PSNC Energy, the Company's North Carolina-based retail natural gas distribution subsidiary, reported first quarter 2017 earnings of $43 million, or 30 cents per share, compared to $36 million, or 25 cents per share in the same quarter of 2016. This increase is primarily attributable to higher gas margins from customer growth and a rate increase that became effective November 1, 2016. At March 31, 2017, PSNC Energy was serving approximately 552,000 customers, an increase of 2.6 percent over the previous year.
SCANA Energy Marketing
SCANA Energy Marketing, which markets natural gas in deregulated energy markets, including Georgia where the Company does business as SCANA Energy, reported first quarter 2017 earnings of $15 million, or 11 cents per share, compared to $24 million, or 17 cents per share, in the first quarter of 2016. This decrease is primarily due to lower gas margins attributable to lower sales volumes arising from significantly milder winter weather in 2017 than in 2016.
Corporate and Other, Net
SCANA's corporate and other businesses, which include the holding company, reported relatively flat earnings in the first quarter of 2017, consistent with the same quarter in 2016.

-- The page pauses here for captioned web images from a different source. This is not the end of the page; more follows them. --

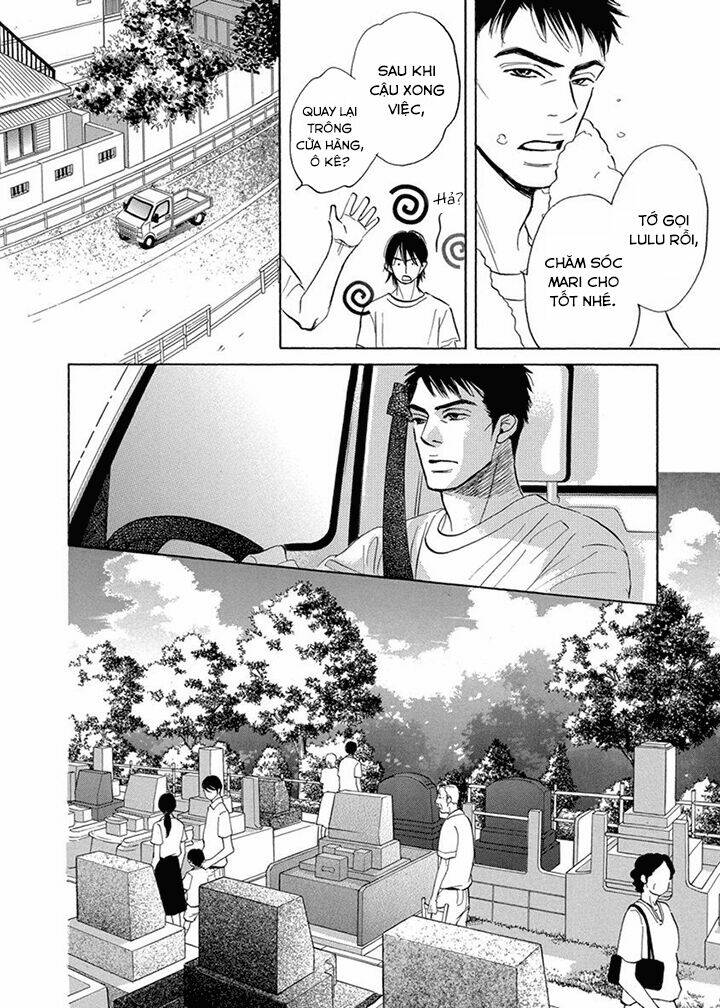 chàng giúp việc tada chapter 11 11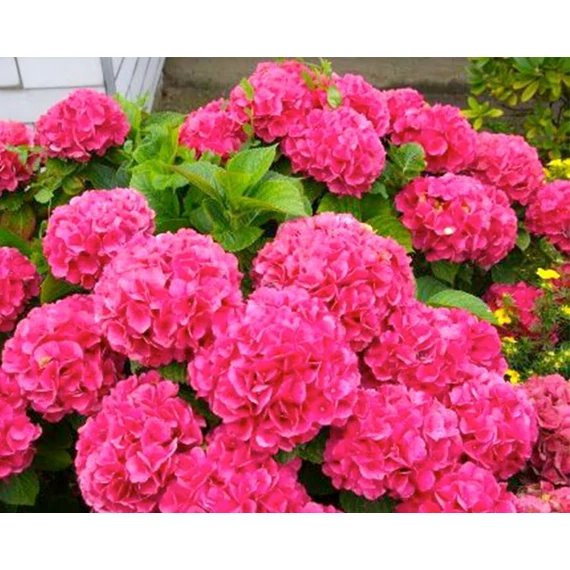 Hydrangea macrophylla 'Alpenglühen' - kerti hortenzia - CS15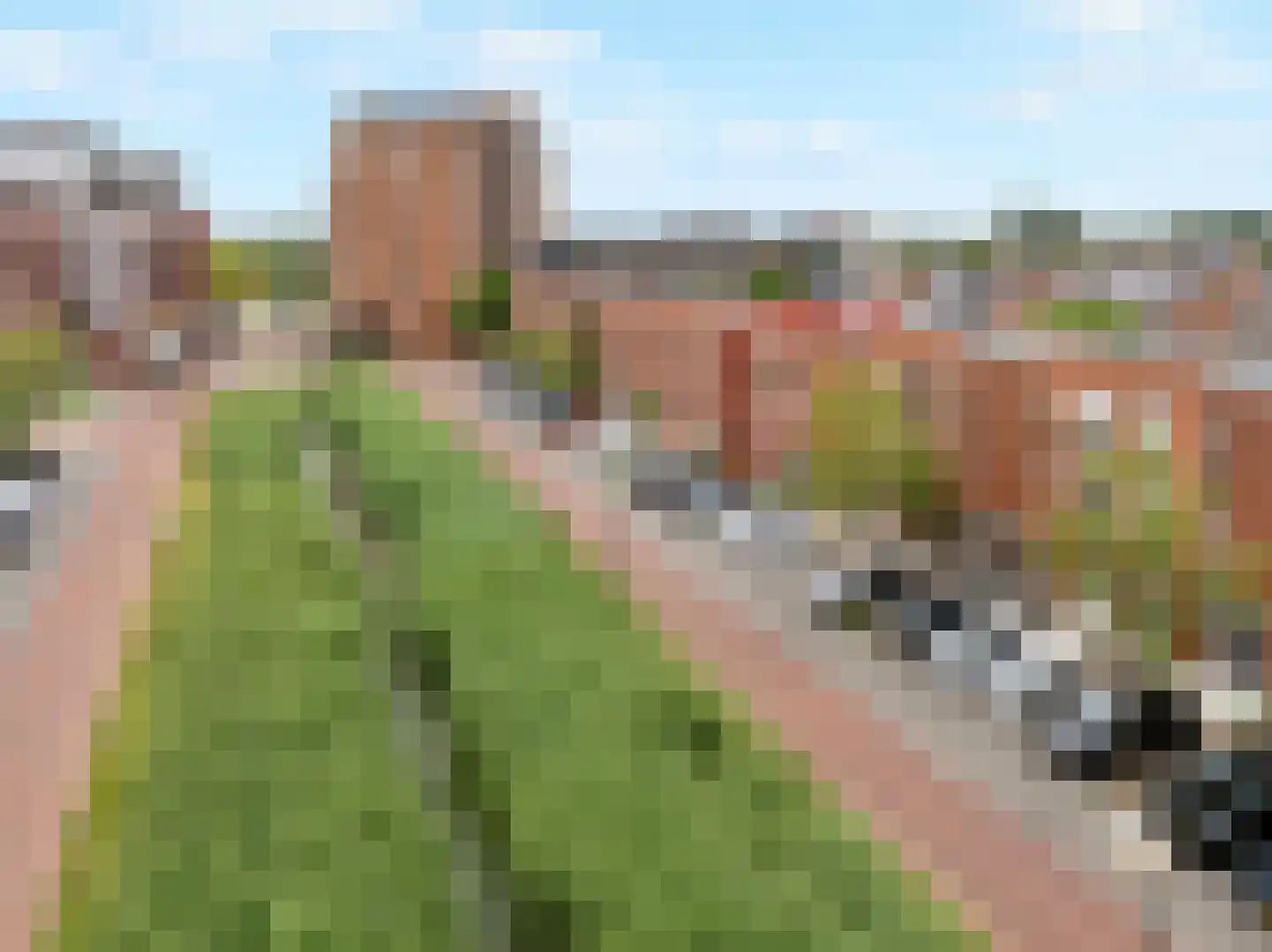 Van der Vormhaven 29 Barendrecht thumbnail 29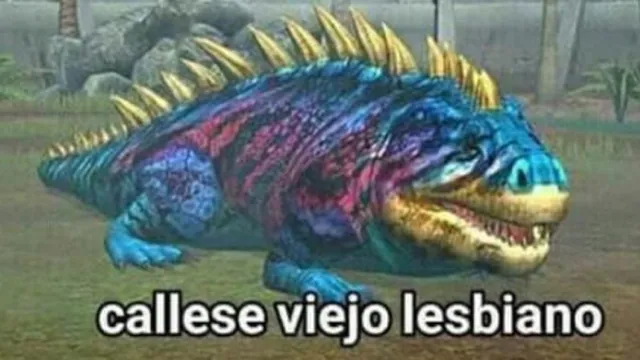 Callese Viejo Lesbiano meme card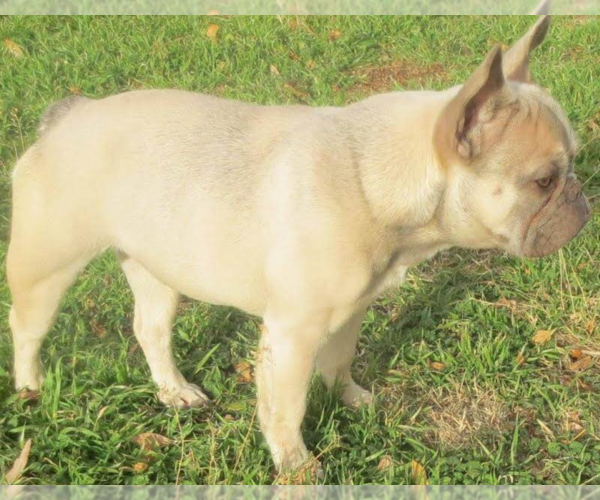 Medium Photo #1 Faux Frenchbo Bulldog Puppy For Sale in ALTOONA, KS, USA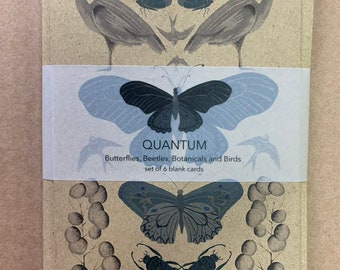 Beetles, Butterfly, Birds and Botanical Illustrated Cards. Set of Six Blank Natural History Cards by Quantum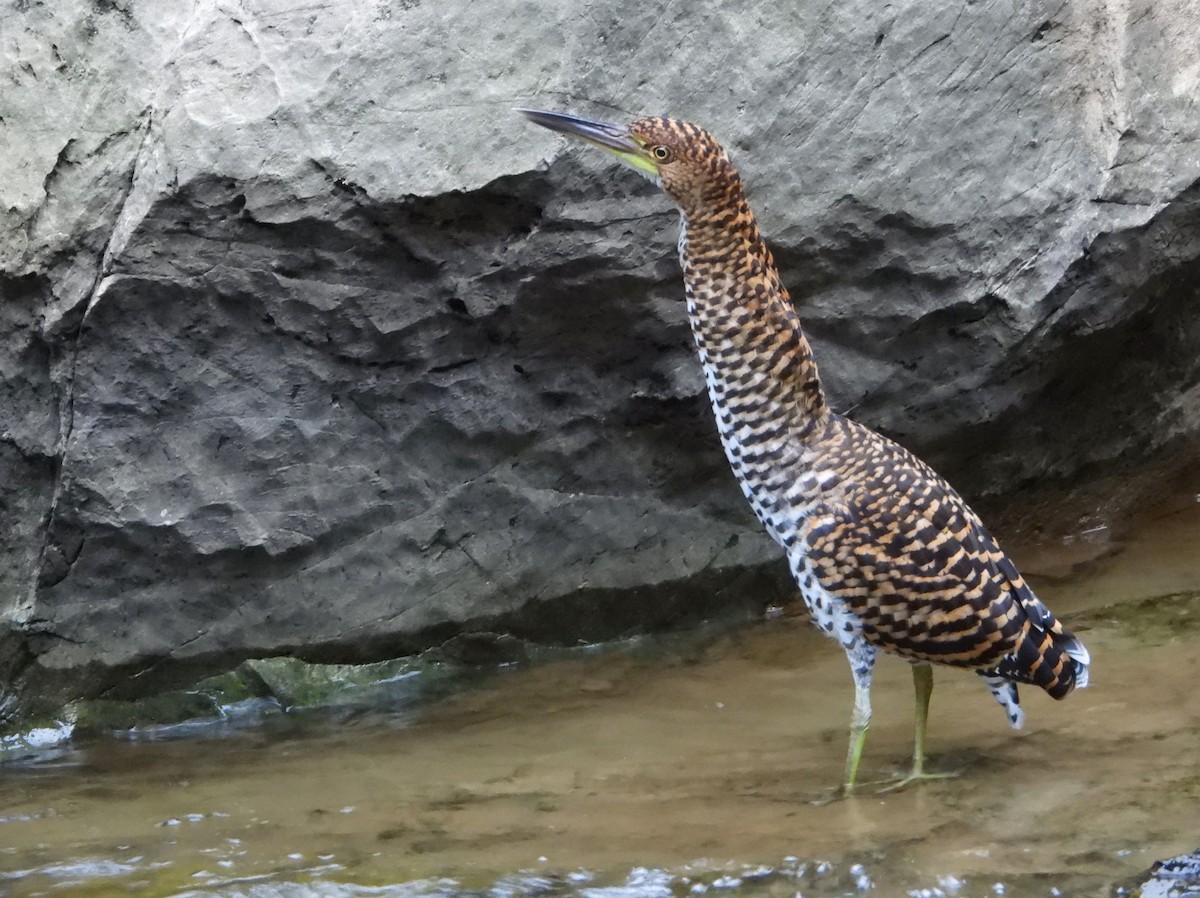 Fasciated Tiger-Heron - ML621641246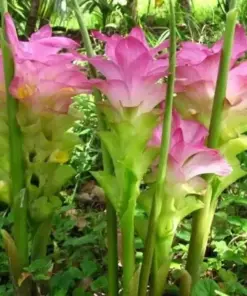 Organic Yellow Turmeric Live Starter Plant - Curcuma longa Herb - Indoor/Outdoor - Image 2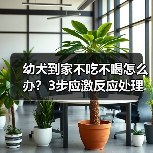幼犬到家不吃不喝怎么办？3步应激反应处理全攻略（图4）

Based on 2016 GAAP earnings per share of $4.16, the Company estimates its targeted average annual earnings per share growth rate range to be 2 to 4 percent over the next 3 to 5 years due to incremental electric margins attributable to abnormal weather in 2016. Due to the significance of weather to SCE&G's earnings and its unpredictability, the Company is not able to provide 2017 GAAP earnings guidance.
For 2017, the Company reaffirms its guidance for 2017 GAAP-Adjusted Weather-Normalized earnings per share of $4.15 to $4.35, with an internal target of $4.25 per share.
In addition to the GAAP basis long-term growth rate guidance above, the Company estimates its targeted average annual growth rate for GAAP-Adjusted Weather-Normalized earnings per share to be 4 to 6 percent over the next 3 to 5 years based on 2016 GAAP-Adjusted Weather-Normalized earnings per share of $3.97. 2016 GAAP-Adjusted Weather-Normalized earnings per share reflect downward adjustments of 28 cents per share pre-tax and a tax effect of 9 cents per share for a net of tax 19 cents per share to normalize weather in the electric business.